Public art of the day

Posted: 25 February 2013 in Uncategorized
Tags: , , , , ,

Slave+Labor+(Bunting+Boy),+London,+2012

The controversial auction of “Slave Labour (Bunting Boy)” [ht: ja], a Banksy mural that disappeared from the wall of a north London shop in mysterious circumstances, was dramatically halted on Saturday just moments before it was due to go under the hammer.

As for the rest of the contemporary art market,

While a few high-profile crimes have brought the most egregious art world misdeeds to light, a whole host of surreptitious or underhand maneuvers – most of which are perfectly legal – remain in shadow. Notoriously unregulated, the American art market has metastasized in recent years, even as the American economy has sputtered.

And for financiers, oligarchs and other “ultra high net worth individuals”, the art world offers a spectacular two-in-one deal. In addition to reliably strong returns on investment at the very top of the market, art offers instant social prestige to people who may have already made their fortunes, sometimes in a manner not in keeping with the art world’s supposed progressive values.

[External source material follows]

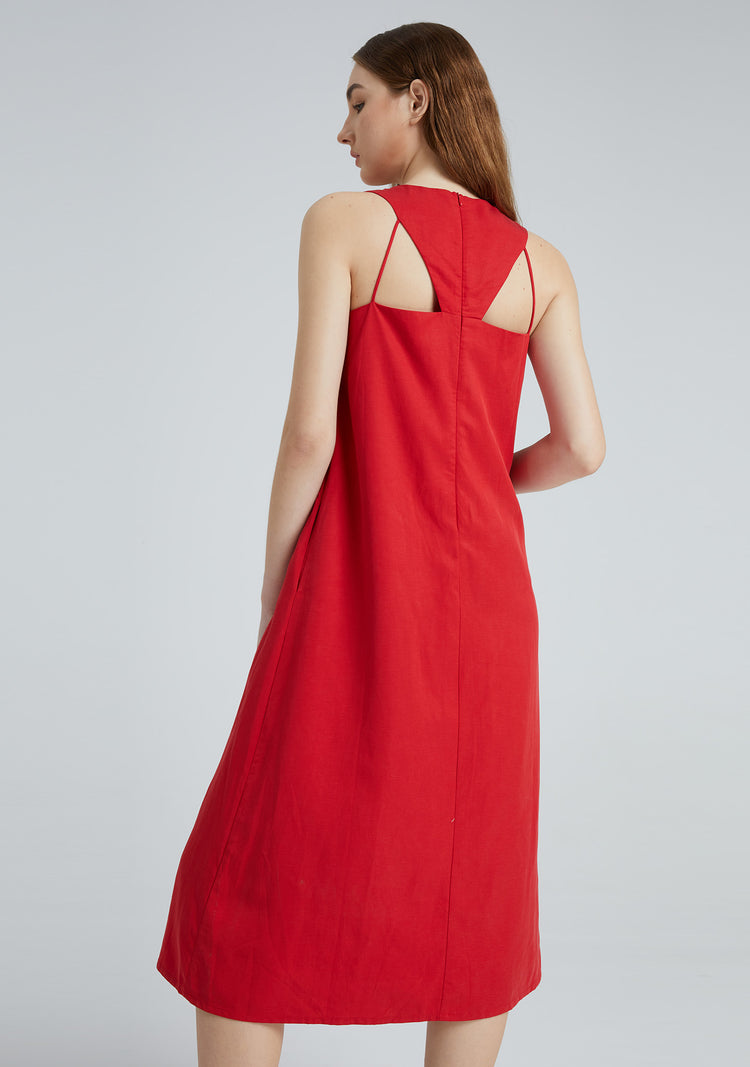 Odette Tencel™ Midi Dress in Crimson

At Art Basel Miami Beach this past December, several dealers publicly lamented the absence of the billionaire hedge fund manager Steven Cohen, once one of their most reliable collectors. Cohen is currently under investigation over allegations related to insider trading. The Justice Department has not pressed charges against Cohen or his firm, SAC Capital Advisors, and Cohen has always maintained that he has acted appropriately. Six employees of SAC have been convicted or pled guilty to insider trading; others have been assisting federal authorities in their investigation. . .

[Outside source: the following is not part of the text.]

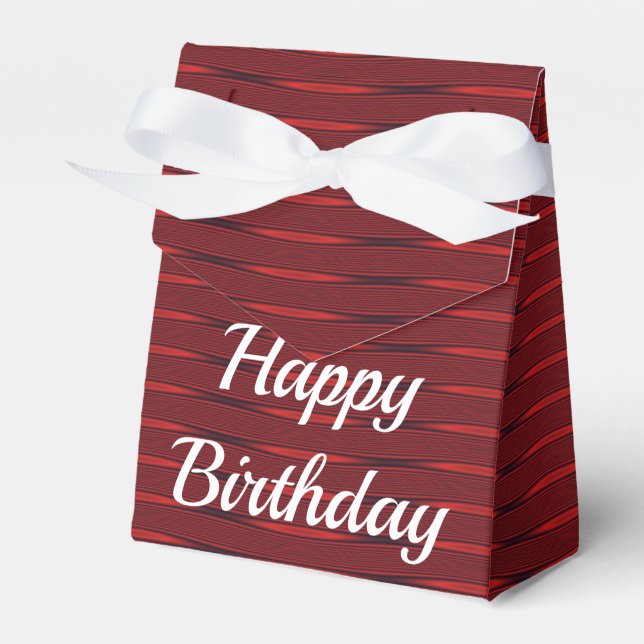 Dark Red Wavy Lines Geschenkschachtel (Vorderseite)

All of this has a direct effect on artists, and on the art they make. “The vast majority of artists are struggling, underpaid, underemployed, and under-recognized,” [artist Andrea] Fraser said. “Like the majority of workers in other fields, they feel like victims of a system over which they have no control.” Her students at UCLA, where she teaches an undergraduate course on the social and economic aspects of art, “find it pretty devastating”.